Communication, Religion and Politics in the Western World of the Digital Age
Keywords:
Communication, artificial intelligence, the communication society, otherness, religion and politics, dialectic of the sacred and the profane, Aurel CodobanAbstract
Today we are witnessing a revival of the spirit of religious fundamentalism in the political discourse of the European Union countries. A discourse of violence unfolds in the form of a new alliance between religion and politics is present among some Western political leaders. These forms of political communication are facilitated, on the one hand, by the political discourse of the populist parties, and on the other hand, using communication technologies to transmit political messages. They occur despite the fact that one of the gains of the postmodern world was the secularization of public life, the rule of law and political communication. In order to understand what is happening to political constructions in the era of the development of artificial intelligence, we have resorted to the perspective on communication formulated by Aurel Codoban, one of the most important Romanian philosophers. An unavoidable theme is that of otherness and identity construction. Artificial intelligence cannot be constituted as an otherness in relation to which the human being can build his own identity or the identity of the community to which he belongs.

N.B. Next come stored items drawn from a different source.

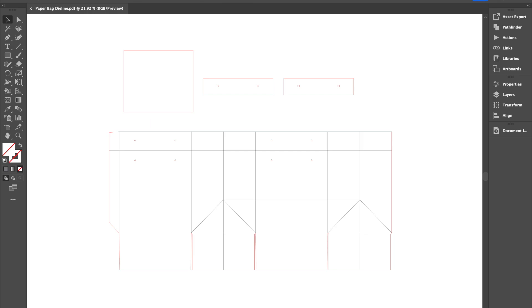Hi there! This video will show you how to design on a paper bag die line template.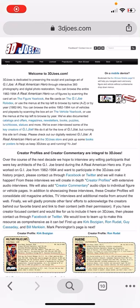Hey, what's up guys? This is Carson from 3D Joes. Just got a little bit of feedback about it being tricky to navigate 3D Joes. I wanted to make sure that everybody knows the different navigation places that you can use to get around.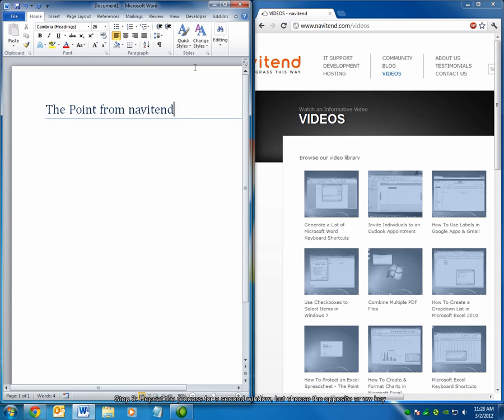You can see that the windows have been configured to take up exactly half of the available screen space, and now I can do things over here while still seeing what's going on on the right side.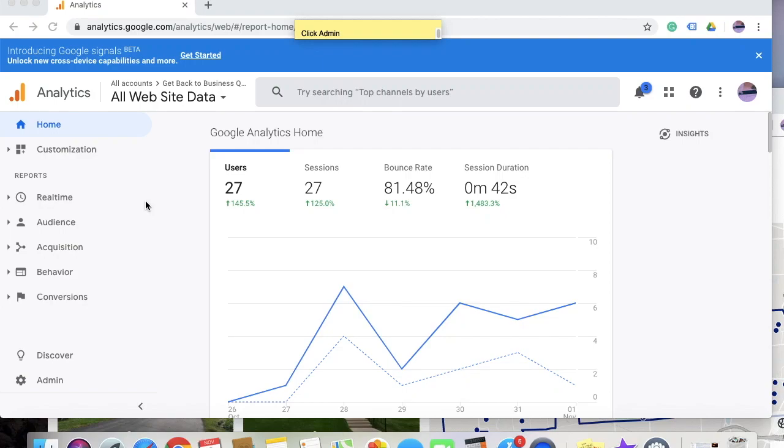Hey everybody, this is Northwell Tech again. In this video we're going to learn how we can add the Google Analytics code to your Weebly website.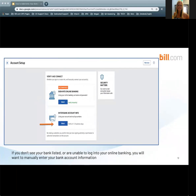Now we are going to cover entering the bank account information manually. If you don't see your bank listed or are unable to log into your online banking, you will want to enter your bank account information manually.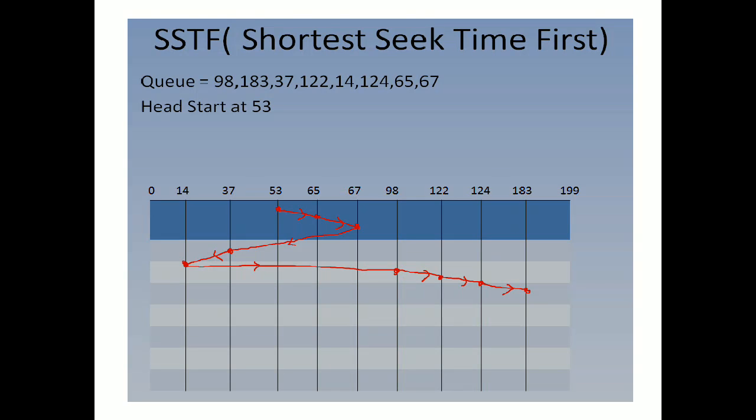Hello, in this lecture we will see the disk scheduling algorithm called Shortest Seek Time First. Shortest Seek Time First means what?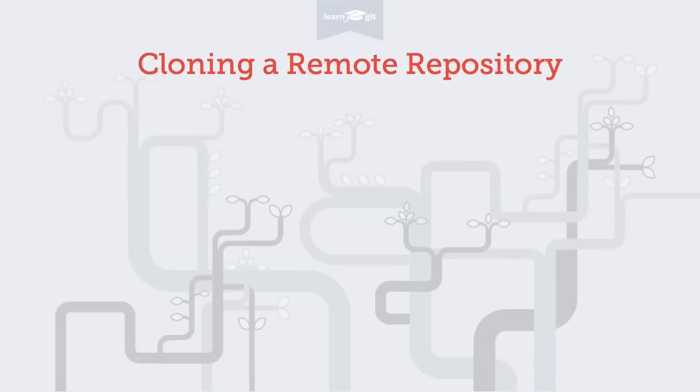Welcome to a video series on learning version control with Git. In this video, I'll show you how to get on board of an existing project by downloading or cloning a copy of an existing repository from a server.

However, in the digital age, communication constructs reality, and in this process, communication technologies and especially artificial intelligence can be instrumentalized in the construction of discourse that can lead to the construction of identity in general and political identity in particular. Everything takes place in the context of a dialectic of the sacred and the profane in which the development of communication technologies enhances the collaboration between the human being and artificial intelligence.